Dec 032000

Do we have any reason to exist? If you ask me why I went to the university, I can answer the question with reason. But, if you ask me why I was born, I cannot answer. I was not born, selecting my favorite spatio-temporal point in the world of my own accord. The fact is that one day I found myself existing.


1. Groundless does not result in absurdity

That’s why I cannot give any reason to my existence, though I can to my action. Our existence is groundless. Is it also absurd? That is to say, should we resent this groundlessness?

Generally speaking, X is absurd implies Non-X is desirable. For example, those who insist on the absurdity of racial discrimination must be satisfied with the abolishment of it.

Is the same paraphrase applicable to the absurdity of our existence? If my existence were absurd, I would have to be satisfied with my absence from the world. But if I had not been born, I could not be satisfied with it, because I did not exist. Therefore, my existence cannot be absurd.

2. Existence is neither absurd nor rational

The same kind of question asking which invalidates the question itself is Why are we rational? Rational beings are those who can ask reason. If we were not rational, we cannot put any kind of question, Why…?. As we are rational beings, Why do we exist? is equal to Why are we rational?.

Asking whether our existence is absurd or not is, like asking whether a number three is sweet or not, meaningless. Three apples can be sweet or sour, but the number three itself is neither sweet nor sour. Similarly, the recognition and treatment of our existence can be absurd or reasonable, but our existence itself is neither absurd nor reasonable.

3. What can be absurd?

It is not scientific for a scientist that advocated a certain natural law and later finds out counterevidence to resent the rebellious Nature.
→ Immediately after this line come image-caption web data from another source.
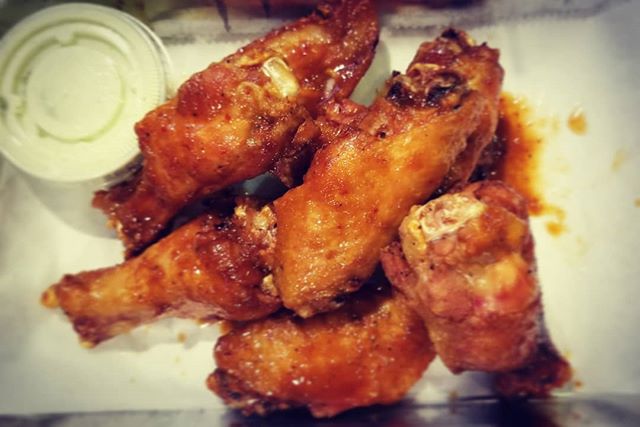 Order CHICKEN WINGS food online from Blvd Brgr Company store, Camarillo on bringmethat.com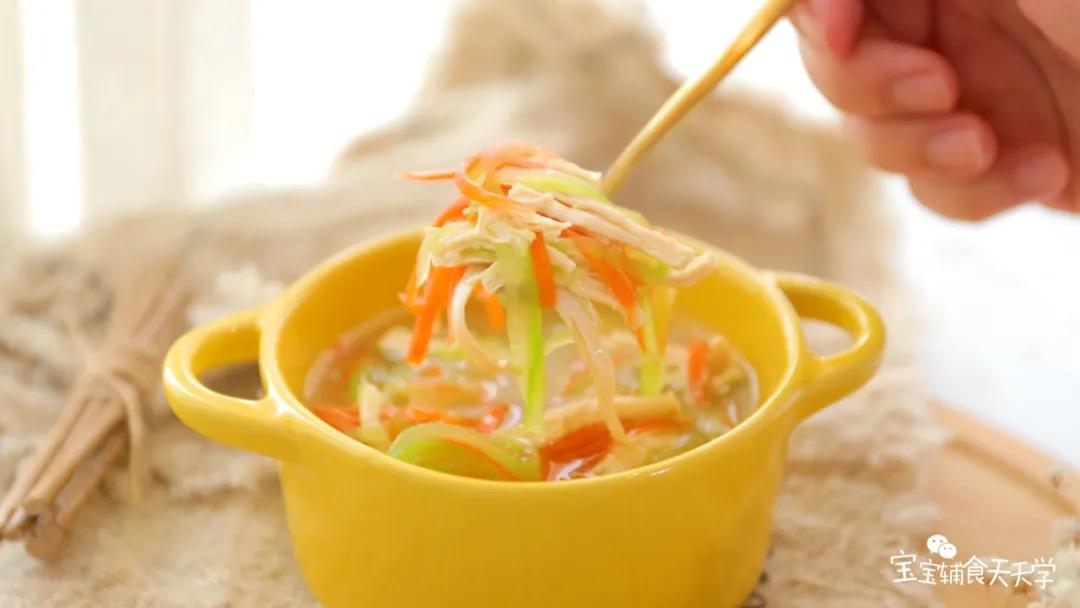 第10步：鲜嫩多汁的黄瓜、胡萝卜看上去特别清新开胃，鸡胸肉一丝丝易咀嚼，加上有虾皮粉提鲜，整碗羹汤就更可口了。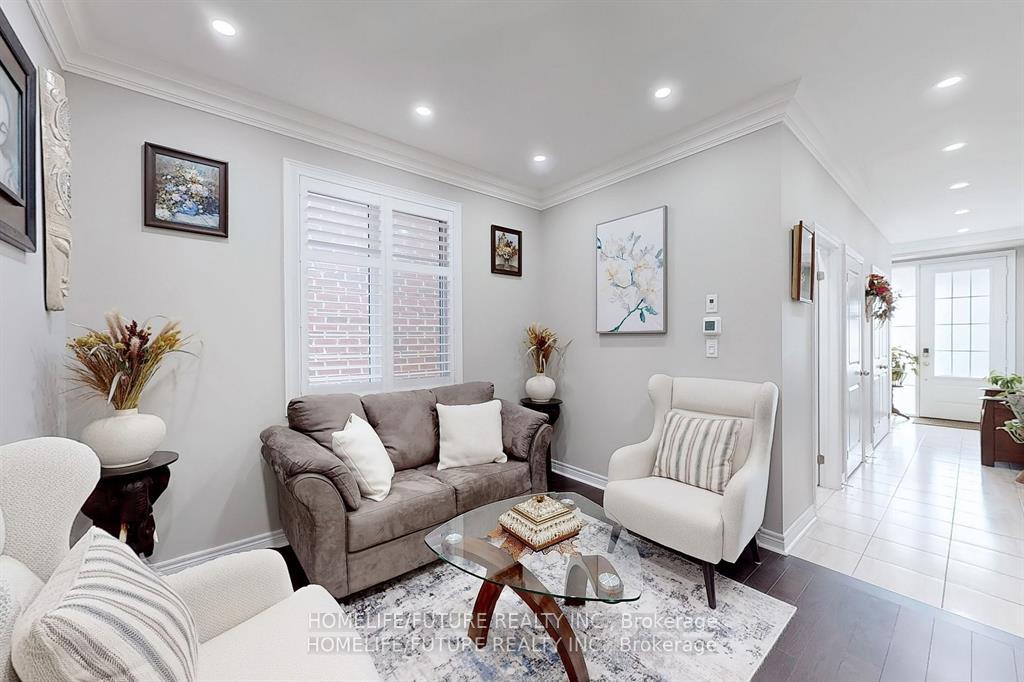 Photo 3 of 1207 Cactus Crescent, Pickering, Rural Pickering — HOMEH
It is not Nature but the natural law that is absurd.

A person that has been physically handicapped since birth might say, Why must I suffer from such a handicap, though I did nothing wrong before birth? If I had known I would be born handicapped, I would not have chosen to be born. Existence is absurd. If the handicap was unavoidable, then what s/he should resent is not the handicap itself but the way of society that robs the handicapped persons of freedom.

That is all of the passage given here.